# Best location for visit



## gabehizer (May 27, 2012)

This coming October I am planning on spending a week in the city of Guadalajara, then a week in the Lake Chapala area. My plan is not so much to do sightseeing as to get a "feel" for each area, in advance of a possible retirement location in 3-4 years. 

Based on the above, would you recommend I stay at a location very close to downtown (centro) or would it be ok to stay a bit further out, e.g., Minerva Circle? I ask because I've found a great apartment share by Minerva for little money that looks great, but I wanted to be sure I wouldn't regret the location. 

My thinking is that since I'll also want to wander around Chapalita the slightly west location may be just as well as the downtown one. 

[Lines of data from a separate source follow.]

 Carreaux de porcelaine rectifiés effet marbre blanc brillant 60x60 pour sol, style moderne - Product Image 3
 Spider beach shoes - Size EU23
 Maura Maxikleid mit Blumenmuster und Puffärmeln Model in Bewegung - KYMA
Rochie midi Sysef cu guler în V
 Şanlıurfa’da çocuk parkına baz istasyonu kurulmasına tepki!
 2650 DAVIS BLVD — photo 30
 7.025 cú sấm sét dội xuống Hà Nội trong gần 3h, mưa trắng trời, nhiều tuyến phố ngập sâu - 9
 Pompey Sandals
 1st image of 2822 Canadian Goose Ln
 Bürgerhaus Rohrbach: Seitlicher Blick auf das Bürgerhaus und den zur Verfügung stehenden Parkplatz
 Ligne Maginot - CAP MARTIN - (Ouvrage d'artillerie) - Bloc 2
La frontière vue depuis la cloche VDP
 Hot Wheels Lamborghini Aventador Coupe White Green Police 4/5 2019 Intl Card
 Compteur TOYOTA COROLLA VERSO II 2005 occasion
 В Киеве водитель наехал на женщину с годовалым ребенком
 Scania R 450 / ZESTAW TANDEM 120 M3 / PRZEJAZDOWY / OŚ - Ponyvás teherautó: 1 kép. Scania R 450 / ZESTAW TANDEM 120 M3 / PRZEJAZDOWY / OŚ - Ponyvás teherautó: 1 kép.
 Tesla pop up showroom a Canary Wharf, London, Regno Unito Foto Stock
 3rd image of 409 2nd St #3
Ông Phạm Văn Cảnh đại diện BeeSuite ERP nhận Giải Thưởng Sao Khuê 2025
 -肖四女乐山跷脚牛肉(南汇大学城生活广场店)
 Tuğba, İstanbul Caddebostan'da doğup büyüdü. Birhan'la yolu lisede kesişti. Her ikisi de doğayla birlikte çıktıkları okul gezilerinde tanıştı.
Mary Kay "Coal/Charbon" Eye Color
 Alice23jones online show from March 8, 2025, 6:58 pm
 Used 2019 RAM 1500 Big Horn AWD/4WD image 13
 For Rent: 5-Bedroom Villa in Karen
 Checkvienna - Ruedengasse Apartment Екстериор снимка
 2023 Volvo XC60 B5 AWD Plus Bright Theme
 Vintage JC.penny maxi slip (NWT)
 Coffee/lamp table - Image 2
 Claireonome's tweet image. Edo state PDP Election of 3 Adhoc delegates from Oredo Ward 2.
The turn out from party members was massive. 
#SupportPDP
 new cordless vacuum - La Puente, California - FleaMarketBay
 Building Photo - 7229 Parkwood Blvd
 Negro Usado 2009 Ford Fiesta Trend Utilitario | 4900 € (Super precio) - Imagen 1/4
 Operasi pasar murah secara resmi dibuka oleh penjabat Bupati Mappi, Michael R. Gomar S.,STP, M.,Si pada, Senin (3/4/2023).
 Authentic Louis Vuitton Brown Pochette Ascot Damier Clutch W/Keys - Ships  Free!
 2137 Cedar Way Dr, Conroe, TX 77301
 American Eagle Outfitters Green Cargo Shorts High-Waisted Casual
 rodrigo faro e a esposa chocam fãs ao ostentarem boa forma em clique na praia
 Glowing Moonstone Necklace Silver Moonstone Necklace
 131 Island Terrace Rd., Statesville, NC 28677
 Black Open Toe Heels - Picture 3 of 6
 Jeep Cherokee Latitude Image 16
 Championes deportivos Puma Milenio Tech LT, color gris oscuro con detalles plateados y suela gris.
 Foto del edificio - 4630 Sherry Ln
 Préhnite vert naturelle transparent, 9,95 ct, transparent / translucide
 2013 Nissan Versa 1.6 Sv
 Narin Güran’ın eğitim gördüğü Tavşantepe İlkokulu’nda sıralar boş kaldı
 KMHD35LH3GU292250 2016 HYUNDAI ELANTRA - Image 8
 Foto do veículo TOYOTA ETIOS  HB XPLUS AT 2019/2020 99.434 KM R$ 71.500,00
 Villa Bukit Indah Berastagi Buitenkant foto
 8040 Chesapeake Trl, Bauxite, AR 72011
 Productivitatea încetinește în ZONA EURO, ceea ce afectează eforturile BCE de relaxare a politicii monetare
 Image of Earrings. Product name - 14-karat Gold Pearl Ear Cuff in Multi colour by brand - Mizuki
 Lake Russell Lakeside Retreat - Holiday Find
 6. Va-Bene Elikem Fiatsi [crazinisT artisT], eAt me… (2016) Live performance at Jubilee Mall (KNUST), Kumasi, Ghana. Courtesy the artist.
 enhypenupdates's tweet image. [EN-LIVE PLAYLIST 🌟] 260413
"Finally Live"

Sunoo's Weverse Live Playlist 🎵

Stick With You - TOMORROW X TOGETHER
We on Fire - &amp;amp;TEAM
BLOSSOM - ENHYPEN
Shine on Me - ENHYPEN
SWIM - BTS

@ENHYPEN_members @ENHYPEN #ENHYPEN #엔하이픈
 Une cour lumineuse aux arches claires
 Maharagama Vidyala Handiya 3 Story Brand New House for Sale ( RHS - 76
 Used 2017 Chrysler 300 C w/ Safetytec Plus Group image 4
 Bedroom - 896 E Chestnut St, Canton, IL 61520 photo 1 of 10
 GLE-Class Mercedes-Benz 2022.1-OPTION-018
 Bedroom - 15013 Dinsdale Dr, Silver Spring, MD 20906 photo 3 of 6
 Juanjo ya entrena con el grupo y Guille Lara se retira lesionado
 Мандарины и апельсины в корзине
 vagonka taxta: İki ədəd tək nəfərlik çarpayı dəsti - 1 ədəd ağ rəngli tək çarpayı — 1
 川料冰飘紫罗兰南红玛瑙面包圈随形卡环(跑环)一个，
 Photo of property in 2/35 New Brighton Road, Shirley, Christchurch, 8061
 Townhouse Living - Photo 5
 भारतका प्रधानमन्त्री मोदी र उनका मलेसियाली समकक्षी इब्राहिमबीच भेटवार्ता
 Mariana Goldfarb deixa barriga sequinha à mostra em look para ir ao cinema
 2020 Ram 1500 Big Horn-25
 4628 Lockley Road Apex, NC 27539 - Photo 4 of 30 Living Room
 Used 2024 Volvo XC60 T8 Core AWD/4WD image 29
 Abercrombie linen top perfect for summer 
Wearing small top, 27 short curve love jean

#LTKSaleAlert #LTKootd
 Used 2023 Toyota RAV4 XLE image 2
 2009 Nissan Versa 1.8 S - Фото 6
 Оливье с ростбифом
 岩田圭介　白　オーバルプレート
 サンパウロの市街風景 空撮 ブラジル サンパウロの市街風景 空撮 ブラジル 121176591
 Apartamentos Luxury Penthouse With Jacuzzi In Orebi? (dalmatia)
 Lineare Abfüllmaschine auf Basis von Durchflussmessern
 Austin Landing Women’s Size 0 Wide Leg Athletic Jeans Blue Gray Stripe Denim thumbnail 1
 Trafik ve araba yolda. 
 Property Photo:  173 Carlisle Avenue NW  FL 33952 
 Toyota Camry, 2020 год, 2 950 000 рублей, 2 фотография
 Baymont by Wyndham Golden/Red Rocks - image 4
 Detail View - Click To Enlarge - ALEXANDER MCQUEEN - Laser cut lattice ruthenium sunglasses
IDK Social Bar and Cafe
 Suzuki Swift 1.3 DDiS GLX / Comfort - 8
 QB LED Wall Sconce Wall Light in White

Maybe they are not that far apart and it makes little difference? Let me know...

Thanks!


----------



## RPBHaas (Dec 21, 2011)

gabehizer said:


> This coming October I am planning on spending a
> Based on the above, would you recommend I stay at a location very close to downtown (centro) or would it be ok to stay a bit further out, e.g., Minerva Circle? I ask because I've found a great apartment share by Minerva for little money that looks great, but I wanted to be sure I wouldn't regret the location.
> 
> My thinking is that since I'll also want to wander around Chapalita the slightly west location may be just as well as the downtown one.
> ...


I was visiting the Minerva/ Chapultapec area on Friday. It's a great area. I don't care for the traffic in el centro. Depending on the time of the day, many parts of GDL have heavy traffic. It seems to me that el centro and the Lopez Mateos areas are the most congested, most frequently. There is not a substantial difference of access to Chapala from Minerva or el centro.


----------